Payment of the thirty percent of Gross Margin shall be paid by Distributor to Zoo on a quarterly basis, with such payment due for a calendar quarter no later than the 15th immediately following such calendar quarter.

 
(a)
Reports.  No later than ten days following each calendar month, S2G shall provide a report (“Monthly Report”) to Zoo, showing the amount of net S2G Sales, S2G Sales, Net Sales, the Gross Margin on those sales, and such other information as Zoo may reasonably request to confirm the accuracy of the Monthly Report. For avoidance of doubt and as an example, the Monthly Report for September would be due no later than October 10.

(b)
Audit.

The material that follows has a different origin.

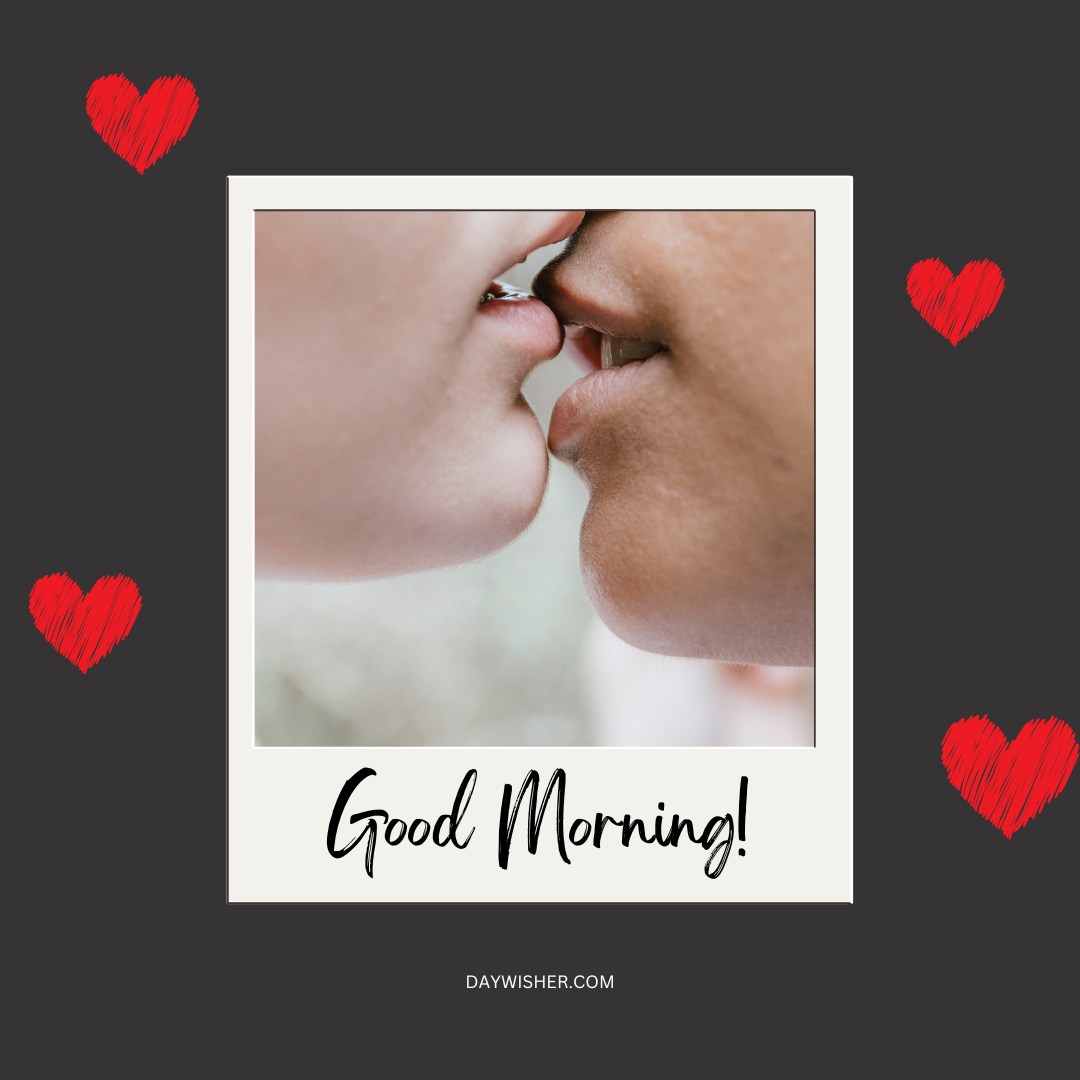 A close-up image of a couple sharing a gentle kiss, framed in a polaroid style with the text "Good Morning!" at the bottom. Red hearts decorate the corners, making this image perfect for a loving and intimate morning greeting.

Each S2G Party shall maintain for a period of two (2) years after the end of the year to which they pertain, complete records needed in order to calculate and confirm S2G's calculations of the amounts set forth on the Monthly Reports. Upon reasonable prior notice, Zoo will have the right, exercisable not more than once every twelve (12) months (unless a discrepancy shall previously have been found), to examine or have its agents examine, such books, records and accounts during any S2G Party’s normal business hours to verify the calculations made by S2G on the Monthly Reports, subject to execution of S2G's standard confidentiality agreement by such agents; provided, however, that execution of such agreement will not preclude such agents from reporting results to Zoo. No audit shall take place during the first three (3) weeks of any quarterly accounting period. The cost of such inspection shall be borne by Zoo, unless such inspection shows that Zoo has been under-credited by more than 7.5%. Any under-credit shall be paid to Zoo in US dollars by S2G by wire transfer.  If S2G, disputes any inspection report submitted by Zoo, the Parties shall have 15 days to resolve the dispute and agree on the proper amount of the Gross Margin. If the dispute is not resolved within that 15 day period, the amount shall be submitted to accounting  arbitration.

 

 

 
(c)
Accounting Disputes.  In the event the parties dispute any Monthly Report, the parties shall jointly submit their dispute to a national or regional accounting firm with offices in Los Angeles, California, mutually selected by them and with respect to which no party hereto has had any relationship in the past three years (the “Arbitrating Accountant”) for final determination, whose determination shall be made within thirty (30) days of the date the dispute is submitted to the Arbitrating Accountant; provided, however, that the determination of the Arbitrating Accountant shall be limited exclusively to the determination of the amount of Gross Margin for the period covered by the Monthly Report at issue and related accounting matters, as applicable, and shall not in any manner address the interpretation or legal effect of any other provision of this Agreement. The Arbitrating Accountant shall be permitted to conduct its own independent investigation of the disputed items as well as hear presentations of the disputed items from the parties. The fees and expenses of the Arbitrating Accountant will be shared by the parties equally.  The Arbitrating Accountant’s determination shall be final and binding on the Parties and shall be enforceable in a court of law. For purposes of complying with this Section the Parties will promptly furnish to each other and to the Arbitrating Accountant such work papers and other documents and information relating to the disputed items as the Arbitrating Accountant may request and are available to that party and will be afforded the opportunity to present to the Arbitrating Accountant any material related to the disputed items and to discuss the items with the Arbitrating Accountant.  The Parties may require that the Arbitrating Accountant enter into a customary form of confidentiality agreement with respect to the work papers and other documents provided to the Arbitrating Accountant.